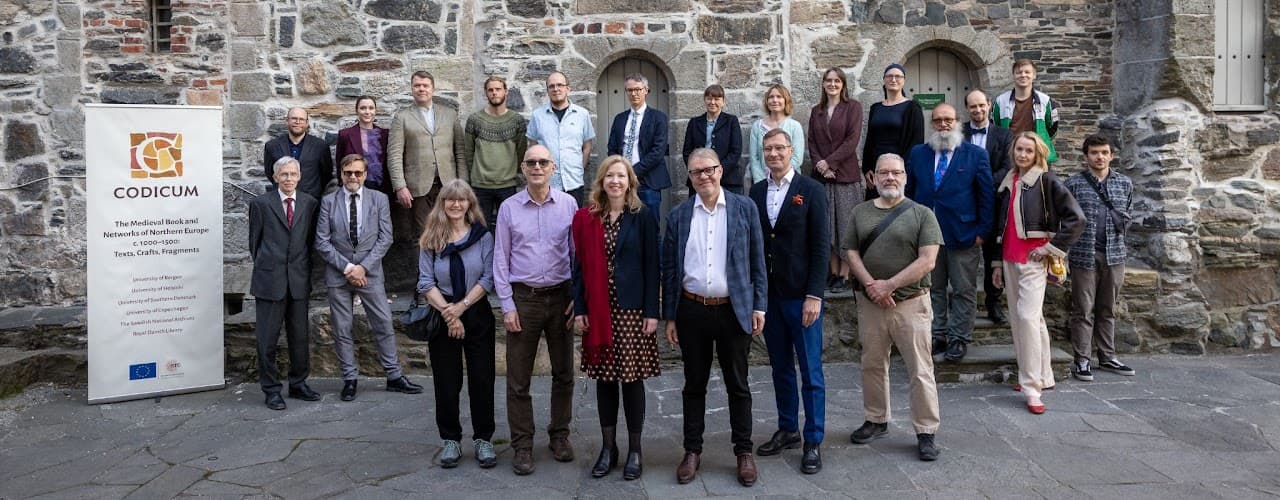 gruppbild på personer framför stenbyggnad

==

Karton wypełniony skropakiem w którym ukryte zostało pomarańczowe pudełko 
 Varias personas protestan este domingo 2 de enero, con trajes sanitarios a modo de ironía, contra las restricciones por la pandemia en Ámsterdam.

...

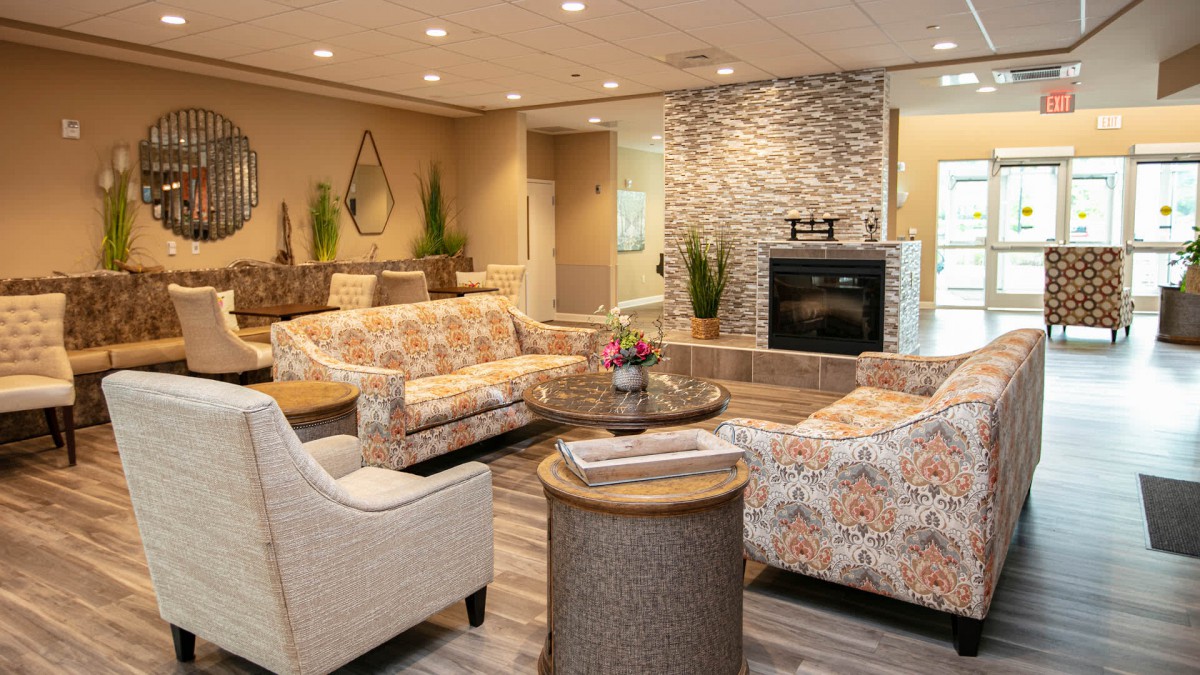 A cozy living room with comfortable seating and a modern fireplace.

▶ **Work order**: Go through the listing above and write out exactly the lines starting with the one holding "Karton wypełniony skropakiem" and running through the one holding "Varias personas protestan", ends included, and no others.

▶ **Output of the exercise**:
Karton wypełniony skropakiem w którym ukryte zostało pomarańczowe pudełko 
 Varias personas protestan este domingo 2 de enero, con trajes sanitarios a modo de ironía, contra las restricciones por la pandemia en Ámsterdam.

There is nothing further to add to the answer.